Short web captions
========================================
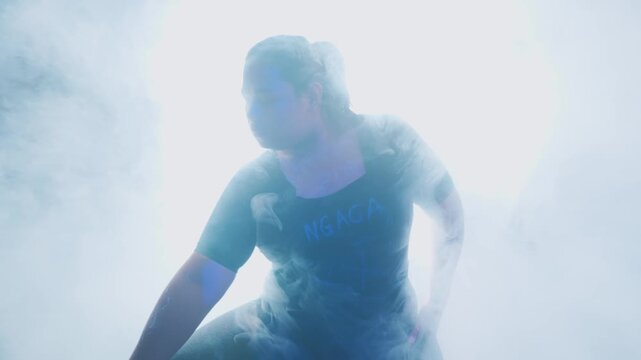 Dramatic Silhouette in Smoke and Light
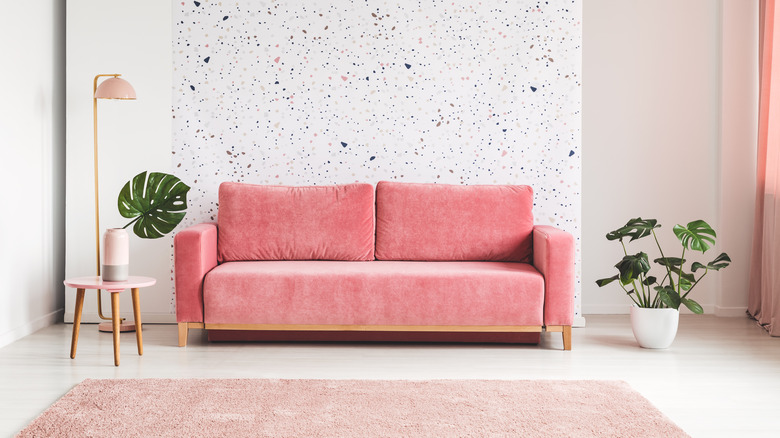 pink couch on wall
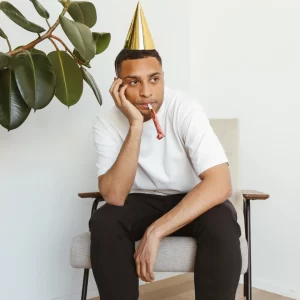 A man in a party hat sits alone in a corner looking depressed. 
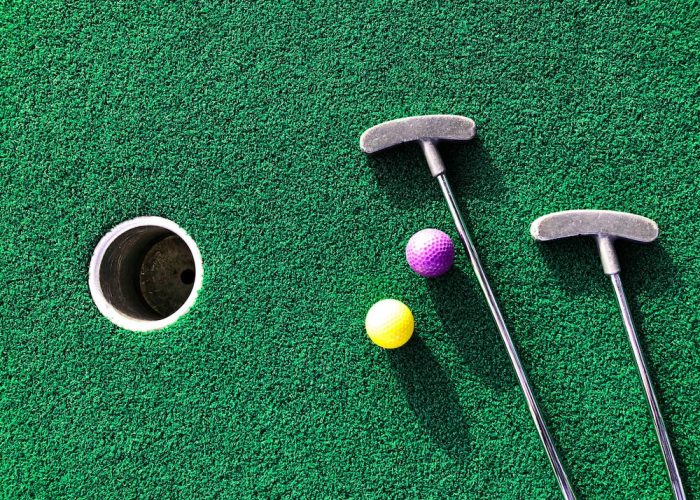 iStock-1445593235 Golf clubs and balls laid next to a hole on a putting green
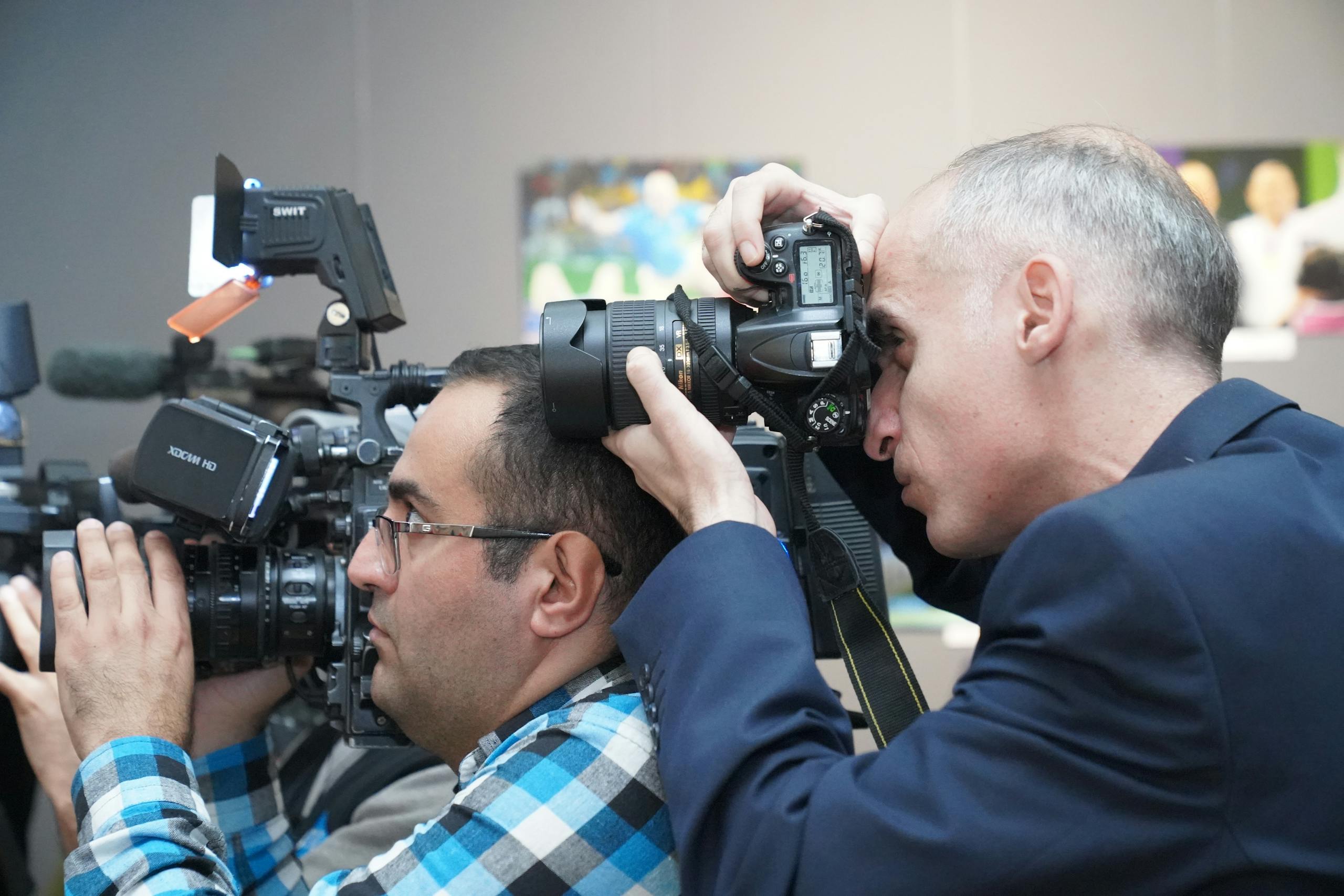 Photographers focusing on event coverage with advanced cameras indoors, showcasing media professionals in action.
========================================
* YOUR ASSIGNMENT
Copy nothing but the lines from the line holding "pink couch on wall" through the last line of the entries, exactly, while leaving out the pictures.

* ANSWER FOR THIS EXERCISE
 pink couch on wall
 A man in a party hat sits alone in a corner looking depressed. 
 iStock-1445593235 Golf clubs and balls laid next to a hole on a putting green
 Photographers focusing on event coverage with advanced cameras indoors, showcasing media professionals in action.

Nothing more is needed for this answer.